La belle voix de la génération consciente des années 1980, Emeline Michel, et des bêtes de scène venues de partout, tels Makarios Césaire (Guitare), Dominique Kanza (Guitare), Caroll Hodge (Batterie) ajoutée à des artistes invités comme Raoul Denis Jr (Violoncelle), Joël Widmaïer (Batterie), retrace en trois heures, vingt longues années de carrière de notre «Reine à nous tous». La pluie a toutefois failli nous voler un beau spectacle, point culminant de la tournée des vingt ans sur scène de l’interprète de «Pè Letènèl» organisée par Les Productions Yole Dérose.

«Cette tournée, placée dans une conjoncture difficile, est une réussite», s’est réjoui d’entrée de jeu Clarens Renois, le maître de cérémonie. Emeline, vraie boule d’émotion, avait emballé quelques jours plus tôt sa ville natale, les Gonaïves, les 5 et 6 décembre. C’était à l’occasion de la fête du Collège Immaculée Conception. Samedi, cette même émotion traversait le Parc Historique de la Canne à Sucre paré de ses atours naturels (vieux moulins datant de l’époque coloniale, arbres dominant la scène,…).

«Vingt ans d’émotions, mais la passion est toujours là», a noté Clarens Renois, dans un court-métrage projeté sur la scène. «La petite fille des Gonaïves est aujourd'hui notre Diva Créole», a introduit le MC. A 8h45, une voix sèche, séduisante, tonitruante, perce l’assistance : Emeline arrive avec sa longue jupe caressant, comme d’habitude, la scène avec ses orteils. Sur le plateau, c’est en effet la femme aux pieds nus.
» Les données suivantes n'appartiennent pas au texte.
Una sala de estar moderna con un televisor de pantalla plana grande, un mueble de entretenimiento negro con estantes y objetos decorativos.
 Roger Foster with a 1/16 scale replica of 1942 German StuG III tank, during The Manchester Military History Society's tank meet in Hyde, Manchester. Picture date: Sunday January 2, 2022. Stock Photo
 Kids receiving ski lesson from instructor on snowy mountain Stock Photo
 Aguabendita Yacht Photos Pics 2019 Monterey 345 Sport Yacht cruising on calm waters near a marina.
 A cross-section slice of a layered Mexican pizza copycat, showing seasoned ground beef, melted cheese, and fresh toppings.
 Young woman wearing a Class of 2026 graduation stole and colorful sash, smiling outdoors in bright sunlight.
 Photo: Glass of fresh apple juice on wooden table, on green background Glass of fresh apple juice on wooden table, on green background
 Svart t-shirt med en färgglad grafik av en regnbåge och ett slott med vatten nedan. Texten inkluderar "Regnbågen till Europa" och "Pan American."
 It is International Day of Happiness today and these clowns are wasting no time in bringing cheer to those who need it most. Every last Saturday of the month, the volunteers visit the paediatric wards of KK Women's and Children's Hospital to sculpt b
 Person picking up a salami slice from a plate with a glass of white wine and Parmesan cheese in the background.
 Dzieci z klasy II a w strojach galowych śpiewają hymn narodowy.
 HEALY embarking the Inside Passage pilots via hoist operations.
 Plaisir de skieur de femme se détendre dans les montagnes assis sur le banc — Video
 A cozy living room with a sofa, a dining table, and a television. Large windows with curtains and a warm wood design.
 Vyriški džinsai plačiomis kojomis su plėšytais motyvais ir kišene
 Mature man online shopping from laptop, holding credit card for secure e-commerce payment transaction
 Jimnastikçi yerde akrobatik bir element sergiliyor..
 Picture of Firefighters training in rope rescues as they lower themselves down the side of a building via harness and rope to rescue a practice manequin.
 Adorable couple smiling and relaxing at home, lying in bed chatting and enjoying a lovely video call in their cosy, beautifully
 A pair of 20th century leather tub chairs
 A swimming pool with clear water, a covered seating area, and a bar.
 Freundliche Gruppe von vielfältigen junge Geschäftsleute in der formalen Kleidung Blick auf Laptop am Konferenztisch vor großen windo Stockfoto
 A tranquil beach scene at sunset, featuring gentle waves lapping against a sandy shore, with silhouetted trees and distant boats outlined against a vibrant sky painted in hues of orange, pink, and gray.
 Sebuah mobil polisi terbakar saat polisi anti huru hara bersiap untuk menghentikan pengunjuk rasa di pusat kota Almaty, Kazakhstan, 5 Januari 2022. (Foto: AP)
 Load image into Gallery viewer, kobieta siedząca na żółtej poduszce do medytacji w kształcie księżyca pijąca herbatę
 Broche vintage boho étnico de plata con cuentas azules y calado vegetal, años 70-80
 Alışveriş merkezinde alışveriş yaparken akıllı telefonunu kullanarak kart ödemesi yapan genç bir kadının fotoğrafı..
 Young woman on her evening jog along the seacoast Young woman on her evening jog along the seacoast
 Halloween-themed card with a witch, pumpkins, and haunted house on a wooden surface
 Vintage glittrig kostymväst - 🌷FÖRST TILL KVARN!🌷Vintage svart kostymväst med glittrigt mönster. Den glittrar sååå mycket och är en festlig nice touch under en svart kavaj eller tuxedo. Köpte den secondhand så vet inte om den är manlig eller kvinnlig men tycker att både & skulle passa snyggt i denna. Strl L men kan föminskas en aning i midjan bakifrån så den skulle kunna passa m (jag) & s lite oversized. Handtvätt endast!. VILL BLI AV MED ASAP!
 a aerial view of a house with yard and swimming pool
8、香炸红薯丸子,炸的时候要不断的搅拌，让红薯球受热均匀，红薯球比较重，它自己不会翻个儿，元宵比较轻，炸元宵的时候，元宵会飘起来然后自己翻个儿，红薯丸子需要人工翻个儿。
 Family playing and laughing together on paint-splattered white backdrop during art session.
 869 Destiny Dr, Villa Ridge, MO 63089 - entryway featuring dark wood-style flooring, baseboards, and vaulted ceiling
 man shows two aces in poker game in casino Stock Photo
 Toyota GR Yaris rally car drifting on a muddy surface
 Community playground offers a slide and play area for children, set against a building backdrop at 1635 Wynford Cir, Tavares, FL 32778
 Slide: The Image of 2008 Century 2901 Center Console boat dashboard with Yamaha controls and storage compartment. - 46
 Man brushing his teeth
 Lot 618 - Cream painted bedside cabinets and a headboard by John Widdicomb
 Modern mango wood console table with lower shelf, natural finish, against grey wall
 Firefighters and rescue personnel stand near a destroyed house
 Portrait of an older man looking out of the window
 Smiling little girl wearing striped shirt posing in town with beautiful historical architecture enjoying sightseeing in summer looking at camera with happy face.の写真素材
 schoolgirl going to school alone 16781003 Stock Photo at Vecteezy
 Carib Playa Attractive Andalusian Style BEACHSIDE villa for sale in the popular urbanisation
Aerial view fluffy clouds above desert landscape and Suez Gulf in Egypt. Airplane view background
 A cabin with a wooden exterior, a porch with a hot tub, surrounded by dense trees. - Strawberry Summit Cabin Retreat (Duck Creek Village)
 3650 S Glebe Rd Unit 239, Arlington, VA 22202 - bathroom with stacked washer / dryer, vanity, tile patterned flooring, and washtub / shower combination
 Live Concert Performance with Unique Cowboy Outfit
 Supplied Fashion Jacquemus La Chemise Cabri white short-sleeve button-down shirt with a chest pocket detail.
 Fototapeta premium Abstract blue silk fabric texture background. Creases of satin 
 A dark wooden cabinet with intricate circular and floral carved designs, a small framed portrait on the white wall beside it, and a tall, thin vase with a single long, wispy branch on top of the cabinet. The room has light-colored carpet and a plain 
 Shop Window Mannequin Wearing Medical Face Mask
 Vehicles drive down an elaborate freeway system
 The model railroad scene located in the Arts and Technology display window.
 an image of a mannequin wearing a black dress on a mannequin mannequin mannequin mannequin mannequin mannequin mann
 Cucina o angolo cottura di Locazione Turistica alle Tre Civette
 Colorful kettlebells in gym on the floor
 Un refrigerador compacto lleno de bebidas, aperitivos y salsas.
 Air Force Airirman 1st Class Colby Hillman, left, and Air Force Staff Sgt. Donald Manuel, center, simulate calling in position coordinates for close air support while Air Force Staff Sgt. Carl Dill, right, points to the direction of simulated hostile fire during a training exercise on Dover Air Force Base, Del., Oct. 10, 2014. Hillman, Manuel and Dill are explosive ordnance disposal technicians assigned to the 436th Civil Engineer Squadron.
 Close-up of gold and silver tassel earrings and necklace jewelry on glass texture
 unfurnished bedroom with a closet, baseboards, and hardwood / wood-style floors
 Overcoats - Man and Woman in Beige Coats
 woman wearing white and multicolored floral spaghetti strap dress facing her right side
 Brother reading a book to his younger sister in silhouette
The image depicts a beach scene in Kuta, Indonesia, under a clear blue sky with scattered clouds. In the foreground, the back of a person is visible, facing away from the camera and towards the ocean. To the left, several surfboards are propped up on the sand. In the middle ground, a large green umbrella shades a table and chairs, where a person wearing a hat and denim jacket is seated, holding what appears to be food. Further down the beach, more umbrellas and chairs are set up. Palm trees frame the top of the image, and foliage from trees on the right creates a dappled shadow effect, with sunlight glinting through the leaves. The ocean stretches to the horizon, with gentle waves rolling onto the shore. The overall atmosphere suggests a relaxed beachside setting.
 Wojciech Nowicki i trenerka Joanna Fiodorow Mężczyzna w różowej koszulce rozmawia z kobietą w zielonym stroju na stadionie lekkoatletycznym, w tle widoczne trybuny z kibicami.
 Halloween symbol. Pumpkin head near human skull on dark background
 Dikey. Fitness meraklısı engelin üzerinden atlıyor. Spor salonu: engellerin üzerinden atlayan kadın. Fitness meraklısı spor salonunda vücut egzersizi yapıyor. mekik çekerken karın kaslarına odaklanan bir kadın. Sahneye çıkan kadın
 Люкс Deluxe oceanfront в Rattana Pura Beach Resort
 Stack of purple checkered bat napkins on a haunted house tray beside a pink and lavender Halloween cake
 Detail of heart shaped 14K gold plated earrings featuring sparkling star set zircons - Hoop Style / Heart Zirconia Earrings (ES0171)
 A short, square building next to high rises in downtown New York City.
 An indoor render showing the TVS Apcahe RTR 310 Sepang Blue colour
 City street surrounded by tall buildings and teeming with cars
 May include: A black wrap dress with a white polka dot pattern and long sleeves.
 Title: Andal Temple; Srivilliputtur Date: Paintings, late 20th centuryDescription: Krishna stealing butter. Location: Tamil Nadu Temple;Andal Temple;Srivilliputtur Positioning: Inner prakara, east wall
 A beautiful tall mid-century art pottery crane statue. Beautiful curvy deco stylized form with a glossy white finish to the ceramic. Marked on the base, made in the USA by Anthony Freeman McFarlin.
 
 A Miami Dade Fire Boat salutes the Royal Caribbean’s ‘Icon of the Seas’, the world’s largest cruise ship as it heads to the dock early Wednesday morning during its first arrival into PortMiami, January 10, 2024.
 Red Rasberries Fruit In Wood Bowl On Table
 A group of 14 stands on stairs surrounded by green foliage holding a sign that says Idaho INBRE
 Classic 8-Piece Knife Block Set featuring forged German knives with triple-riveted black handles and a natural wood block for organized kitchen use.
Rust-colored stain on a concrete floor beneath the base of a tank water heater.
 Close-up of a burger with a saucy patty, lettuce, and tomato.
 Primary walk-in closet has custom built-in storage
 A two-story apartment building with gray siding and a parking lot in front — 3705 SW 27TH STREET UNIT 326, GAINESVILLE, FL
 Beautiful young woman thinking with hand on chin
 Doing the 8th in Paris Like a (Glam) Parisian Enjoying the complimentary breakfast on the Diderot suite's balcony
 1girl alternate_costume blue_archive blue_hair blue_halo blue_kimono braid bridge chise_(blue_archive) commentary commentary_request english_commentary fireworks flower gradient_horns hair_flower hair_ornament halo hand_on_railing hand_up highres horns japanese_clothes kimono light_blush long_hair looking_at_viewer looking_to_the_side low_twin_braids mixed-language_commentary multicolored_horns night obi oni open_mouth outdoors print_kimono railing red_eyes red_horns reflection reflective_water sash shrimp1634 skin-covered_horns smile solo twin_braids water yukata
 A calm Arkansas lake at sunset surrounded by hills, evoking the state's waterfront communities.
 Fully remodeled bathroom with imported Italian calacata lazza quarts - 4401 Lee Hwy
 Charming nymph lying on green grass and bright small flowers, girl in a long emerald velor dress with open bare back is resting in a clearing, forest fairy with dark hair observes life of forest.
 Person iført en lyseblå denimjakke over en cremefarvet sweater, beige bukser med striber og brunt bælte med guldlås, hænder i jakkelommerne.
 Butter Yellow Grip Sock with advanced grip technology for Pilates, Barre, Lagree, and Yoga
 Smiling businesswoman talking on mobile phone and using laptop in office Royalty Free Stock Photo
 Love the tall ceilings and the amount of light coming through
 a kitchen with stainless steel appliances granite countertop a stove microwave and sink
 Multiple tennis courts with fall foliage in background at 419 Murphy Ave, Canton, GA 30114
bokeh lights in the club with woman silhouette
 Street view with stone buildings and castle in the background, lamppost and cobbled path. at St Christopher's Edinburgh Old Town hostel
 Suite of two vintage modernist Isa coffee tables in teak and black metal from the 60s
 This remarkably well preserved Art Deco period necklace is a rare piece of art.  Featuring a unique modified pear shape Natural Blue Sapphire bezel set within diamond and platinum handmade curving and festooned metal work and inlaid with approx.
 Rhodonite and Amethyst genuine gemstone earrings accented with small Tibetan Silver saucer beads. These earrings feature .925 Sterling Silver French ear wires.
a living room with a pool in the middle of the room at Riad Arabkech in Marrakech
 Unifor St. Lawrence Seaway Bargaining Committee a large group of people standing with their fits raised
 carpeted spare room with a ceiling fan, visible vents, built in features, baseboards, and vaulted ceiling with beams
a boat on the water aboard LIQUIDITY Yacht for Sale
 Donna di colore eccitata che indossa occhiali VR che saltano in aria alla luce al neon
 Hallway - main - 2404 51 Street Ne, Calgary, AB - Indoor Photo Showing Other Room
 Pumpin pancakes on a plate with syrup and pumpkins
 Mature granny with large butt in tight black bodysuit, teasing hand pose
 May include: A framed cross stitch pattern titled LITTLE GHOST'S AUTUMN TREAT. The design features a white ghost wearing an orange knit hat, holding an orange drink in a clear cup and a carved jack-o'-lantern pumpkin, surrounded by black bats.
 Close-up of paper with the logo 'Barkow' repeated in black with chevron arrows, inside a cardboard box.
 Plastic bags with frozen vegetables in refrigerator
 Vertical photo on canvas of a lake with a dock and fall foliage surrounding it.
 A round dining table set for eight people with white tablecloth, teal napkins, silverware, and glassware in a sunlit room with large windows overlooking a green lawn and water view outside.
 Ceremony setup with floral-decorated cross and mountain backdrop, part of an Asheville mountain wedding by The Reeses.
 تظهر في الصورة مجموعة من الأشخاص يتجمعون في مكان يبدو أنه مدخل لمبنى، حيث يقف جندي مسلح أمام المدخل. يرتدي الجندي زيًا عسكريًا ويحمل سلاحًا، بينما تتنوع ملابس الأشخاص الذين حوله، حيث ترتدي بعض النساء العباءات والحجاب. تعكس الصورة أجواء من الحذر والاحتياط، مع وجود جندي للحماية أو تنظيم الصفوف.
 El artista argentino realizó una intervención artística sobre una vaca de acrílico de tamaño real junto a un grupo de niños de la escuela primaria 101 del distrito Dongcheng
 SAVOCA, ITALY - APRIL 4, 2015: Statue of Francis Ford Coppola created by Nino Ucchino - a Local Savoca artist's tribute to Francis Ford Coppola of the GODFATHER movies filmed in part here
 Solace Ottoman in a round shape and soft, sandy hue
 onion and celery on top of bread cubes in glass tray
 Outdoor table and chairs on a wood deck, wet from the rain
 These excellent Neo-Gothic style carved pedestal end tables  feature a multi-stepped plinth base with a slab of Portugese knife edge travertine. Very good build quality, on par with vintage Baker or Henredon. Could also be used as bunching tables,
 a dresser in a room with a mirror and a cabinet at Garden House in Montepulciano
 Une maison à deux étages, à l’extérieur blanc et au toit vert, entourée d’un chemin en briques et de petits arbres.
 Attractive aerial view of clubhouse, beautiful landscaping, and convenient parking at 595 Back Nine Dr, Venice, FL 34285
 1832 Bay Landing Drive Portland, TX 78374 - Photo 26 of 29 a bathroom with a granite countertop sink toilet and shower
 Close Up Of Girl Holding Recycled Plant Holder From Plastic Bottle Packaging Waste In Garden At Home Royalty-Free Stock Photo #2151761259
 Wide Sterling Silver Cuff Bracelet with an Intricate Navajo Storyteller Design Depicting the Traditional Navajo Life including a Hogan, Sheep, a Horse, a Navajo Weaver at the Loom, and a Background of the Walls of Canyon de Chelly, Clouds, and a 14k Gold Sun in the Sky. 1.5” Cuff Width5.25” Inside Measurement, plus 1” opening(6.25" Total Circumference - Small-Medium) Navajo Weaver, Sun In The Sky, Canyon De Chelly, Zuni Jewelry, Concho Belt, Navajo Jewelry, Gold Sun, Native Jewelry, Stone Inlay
«La voix, dit-elle, c’est le seul instrument qui passe par le corps». Ses tours de reins en témoignent bien. A chaque chanson, une introduction. A chaque note, une danse. C’est aussi cela, Emeline Michel ; la chanson passe par tout son être. A travers ses yeux clos, ses mimiques, sa complicité avec ses musiciens, ses échanges avec le public… Elle a trouvé en Makarios Césaire, co-auteur de «Nation Soleil», le guitariste-vedette de la soirée, un bon complice. «Kote w moun ?», la chanson considérée comme le passeport ou la carte d’identité de l’artiste, en dit long.

«La Chanson de Jocelyne», quoiqu’un peu moins populaire que «Pè Letènel» ou «A.K.I.K.O.», est particulièrement poignante, car le texte chante la misère de Jocelyne, jeune provinciale, et le côté implacable de Port-au-Prince souvent en ébullition dans cette transition démocratique qui n’en finit pas.

Emeline, révélée en 1986 lors du spectacle en Hommage à la Jeunesse organisé par Yole et Ansy Dérose au Stade Sylvio Cator, est de la génération consciente de Sidon Joseph, feu Georges Lys Hérard… et Beethova Obas. Elle porte, comme un deuil, l’espoir d’une Haïti meilleure.

Le temps du spectacle, le désespoir disparait. James Germain et Beethova Obas ont interprété à la perfection «3 fey, 3 rasin» et «Viejo», chacun en duo avec Emeline. Tantôt au milieu du podium, tantôt dans l’assistance, Emeline était «la fiancée de tout le monde».

Pour les vingt ans de carrière de la Diva de la chanson créole, rien n’a été laissé au hasard. Jean-René Delsoin, une fois encore, a confirmé son talent de chorégraphe avec sept des danseurs de sa Compagnie, donnant du punch à ce spectacle aussi envoûtant que romantique. Le corps, lui aussi, sait s’exprimer…

Derrière chaque diva, se cache un ou des paroliers, de talentueux musiciens et des impresarios. Yole Dérose, une fois de plus, a joué sa partition à la perfection. «Célébrer vingt années de carrière est un vrai défi, a dit la belle veuve. Nous ne pouvions pas oublier Emeline».